Cellular Regulation of Neuronal Branching: A Day in the Life of a Growth Cone

Abstract

What are the cellular mechanisms that govern when the outgrowing neurite of a neuron will branch? This research analyzed one possible biochemical pathway through which environmental and cellular signals are transduced into physical (motor) changes within the growth cone of an outgrowing neuronal process, and how this pathway might be linked to the probability of branching. The system used for these studies was the buccal nervous system of the pond snail, Helisoma trivolvis.
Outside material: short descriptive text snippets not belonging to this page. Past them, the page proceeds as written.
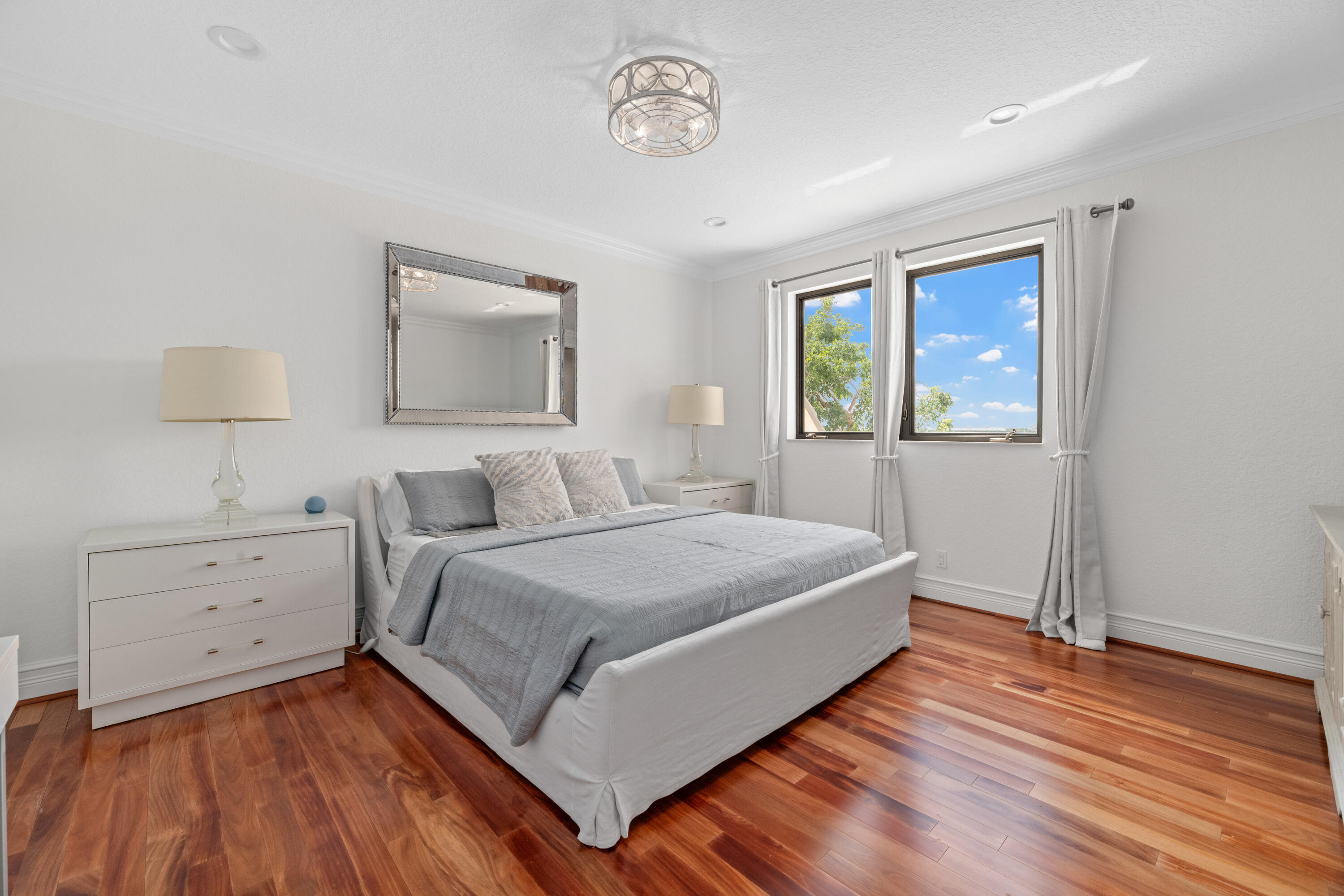 Furnished bedroom with a gray bed, warm hardwood floors, and two windows overlooking trees.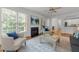Bright and airy living room featuring a fireplace and lots of natural light at 5016 Dillswood Ln, Raleigh, NC 27606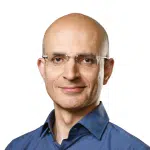 Portrait of Apple COO Sabih Khan against a white background.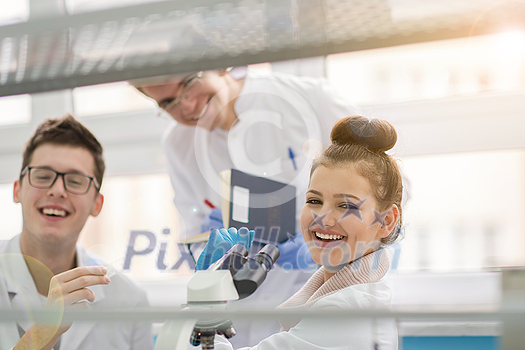 Group of young medical students doing research together in chemistry laboratory,teamwork by college student indoors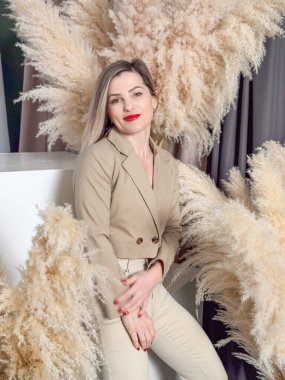 Sakinleşen genç hippi kadın şık bir İskandinav bahçesinde egzotik bitkilerle oturuyor. Çiçekçi kız, ev serasında çiçekçiyle vakit geçirmekten hoşlanıyor. Yüksek kalite fotoğraf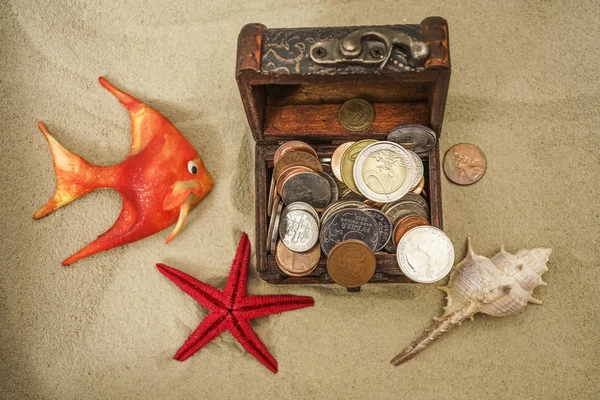 Treasure chest in underwater background. huge treasure chest on the bottom of the sea. red sea star on sand background.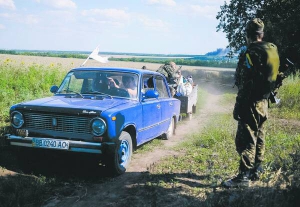 Солдат із добровольчого батальйону ”Айдар” спостерігає, як місцеві жителі залишають селище Металіст Слов’яносербського району на Луганщині 11 липня. У понеділок українські військові звільнили цей населений пункт від терористів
Specifically, this research investigated the effects of stimulating the intracellular signaling cascades mediated by cyclic-AMP-dependent protein kinase A (PKA) by injecting individual Helisoma neurons, isolated into primary cell culture, with analogs of cyclic-AMP. Analogs used for these studies were either activators or inactivators of cyclic-AMP-dependent PKA. This research showed that activating cyclic-AMP-dependent PKA increased the likelihood of neuritic branching, and inactivating PKA had variable effects on the capacity of a neurite to branch depending upon the specific neuronal identity. Because this data suggests an optimal range of PKA activity within which a growth cone might branch, we present a model for the complex relationship between PKA activity, intracellular calcium, and changes in neuronal architecture.